たより巻頭言「天使も買いにやってくる」 大柴 譲治

「いと高きところには栄光、神にあれ、地には平和、御心にかなう人にあれ。」(ルカ福音書2:14)

 今年も師走。牧師も走る。バザーが終わってホッとしたらもうアドベント。教会では既にリースやクリスマスツリーの飾り付けが終わっている。走りつつも心を鎮めてキリストをお迎えする備えをしてゆきたいと思う。
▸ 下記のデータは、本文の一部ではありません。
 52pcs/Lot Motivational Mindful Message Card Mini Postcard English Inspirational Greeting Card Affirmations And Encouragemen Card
 今年のバザーは私にとって天使について思いを馳せる時となった。そのちらしには「天使も買いにやってくる」とあって、バザー当日にはスヌーピー天使のマスコットが教会玄関上に飾られた。考案者の橋本直大兄のウィットに脱帽である。

 ニコラス・ケイジとメグ・ライアンが共演した『シティーオブエンジェル』(1998)という映画がある。ドイツ映画『ベルリン天使の詩』(1987)の米国リメイク版であるが、そこでは黒いコートに身を包んだ天使たちが苦しみや悲しみの中にある人々の傍らにあって静かに彼らを見守っているのだ。ある場面では天使は死を迎えた少女を光の中へと導く存在として描かれていた。
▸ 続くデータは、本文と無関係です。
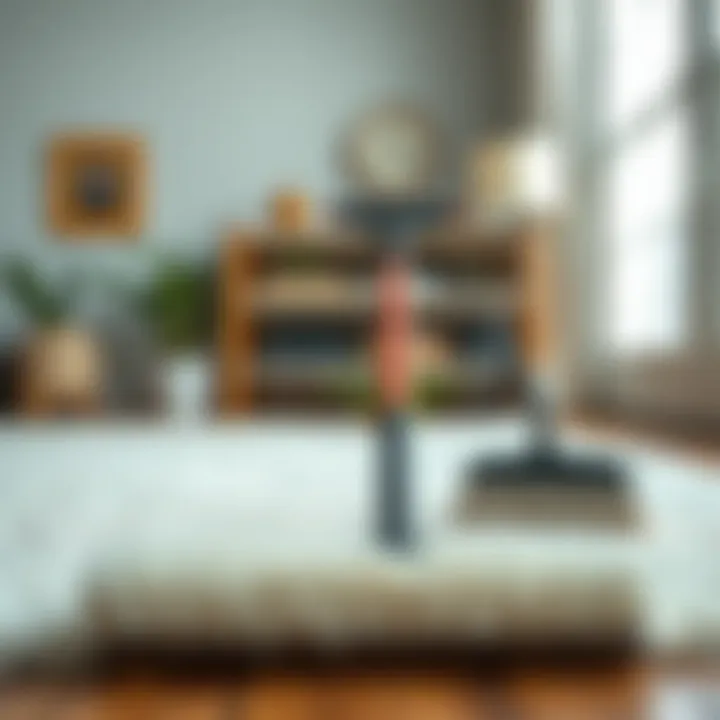 Visual comparison of maintenance tools for white floor rugs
 今年のバザーの日は寒かった。どんどん気温が低下して10℃まで下がった。1月中旬並の寒さであったという。その中で例年のように壮年の方たちが自転車の整理のために外回りをカバーしてくださった。また、外のガラクタ市やリンゴ、子供の衣料、フランクフルトや綿飴、焼きそば、牧師館庭の子供の国、教会入口の食券売り場などに携わってくれた方々も寒かったことと思う。

 バザー翌日の礼拝説教でも触れたが、バザー当日私には、自分のためではなく自分を越えたもののために無心になって働く人々の中に天使の姿が重なって見えるように思えた。特に、外回りの自転車担当者には黒い服装の方が多かったので、天使たちが教会を取り囲んで立ち、教会を温かく見守ってくれているように見えたのである。赤いジャンパーを着たバザー委員長の中山格三郎兄はさしずめ「天使長」であった。無心になって自分を捨てて他者に仕える無私の姿にさわやかな神からの風を感じた人は少なくなかったのではないかと思う。笑顔でバザーを後にする人々の多さにも頷ける。

 クリスマスの物語には天使たちが登場する。天使とは天からの使者である。主日礼拝の最後の部分は派遣の部となっているが、私たちが礼拝の場からそれぞれの日常の持ち場に送り出されてゆく時、私たちは天からこの地上に遣わされた天使としての役割を託されているように思う。私たちもまた地上で神の愛を分かち合うために派遣されてゆく。クリスマスを迎える。救い主の到来の喜びを告げる天使の歌声に耳を澄ませたい。